Professor keeps slaves’ names from vanishing

By Robert Frahm

The Hartford Courant

STORRS, Conn. — Nearly two centuries after the British Navy rescued thousands of Africans from slavery, a University of Connecticut professor is rescuing their names from obscurity.

G. Ugo Nwokeji, a history professor, is building a database from passenger logs compiled in the early 19th century as British sailors intercepted slave ships on their way to the Americas.

The project is expected to give historians a clearer picture of the geographic and ethnic origins of slaves — information not available in many plantation records in the Americas because the names of slaves were often changed.

"We still know almost nothing about the people who were forced on board slave vessels on the African coast and how they came to be captives," Nwokeji and a fellow researcher wrote in a paper scheduled for publication early next year in the Journal of African History.

After England banned slavery in 1808, the British Navy hunted down slave ships and returned them to ports such as Havana, Sierra Leone and Rio de Janeiro, Brazil.

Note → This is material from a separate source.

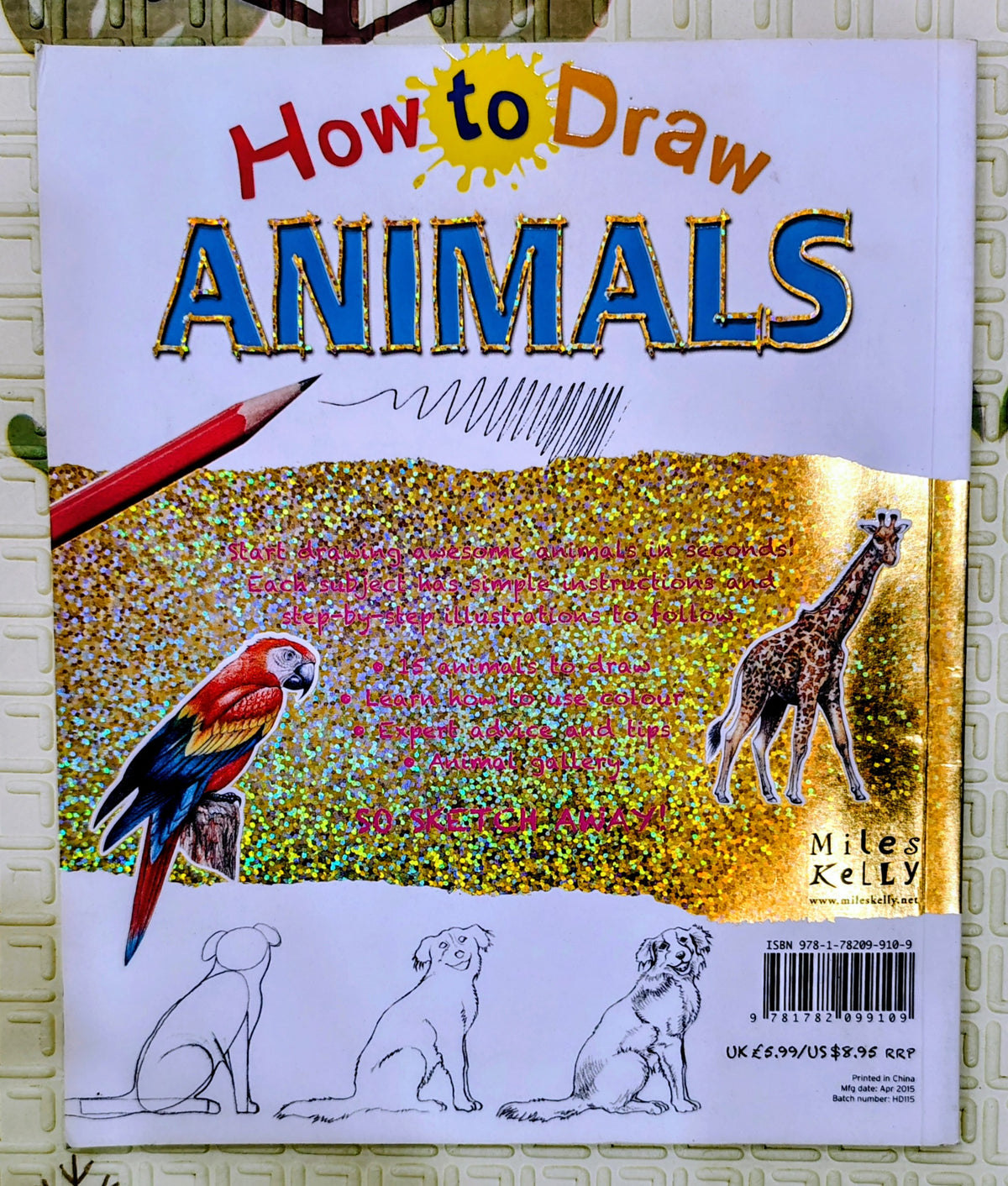 How to Draw Animals by Miles Kelly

There, court clerks recorded the name, age and sex of each liberated captive, along with physical characteristics such as height, tattoos or other distinguishing marks. In some cases, hometowns also were noted. The information was to be used as evidence against the slave traders.

"There is no other body of data like it in the entire history of the slave trade," said Nwokeji, who is conducting the project with slavery historian David Eltis of Queen’s University in Ontario.

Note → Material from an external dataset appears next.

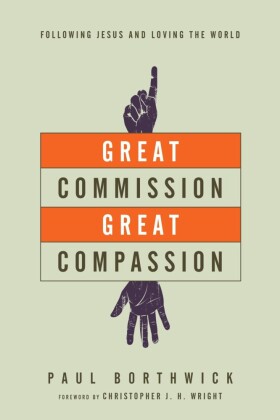 Great Commission, Great Compassion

About one-third of the database is complete, and the project could take another three years to finish, Nwokeji said.

"It helps us understand more clearly what was going on in the hinterlands of Africa, where most of these captives were coming from because we do not have written records from Africa during this period," he said.

"We can understand the society from which they came … There were children, there were women, there were men. Some were enslaved because they were war captives, some because they were kidnapped. Some were enslaved by their political enemies."

Because researchers often can determine the point of embarkation and intended destination of each ship, the records also reveal slave-trading patterns such as the geographic distribution of various ethnic groups in the Americas.

The British Public Records Office contains names of as many as 70,000 Africans rescued from slave ships between 1819 and 1845. What makes those records particularly important is that the information was provided by the captives themselves.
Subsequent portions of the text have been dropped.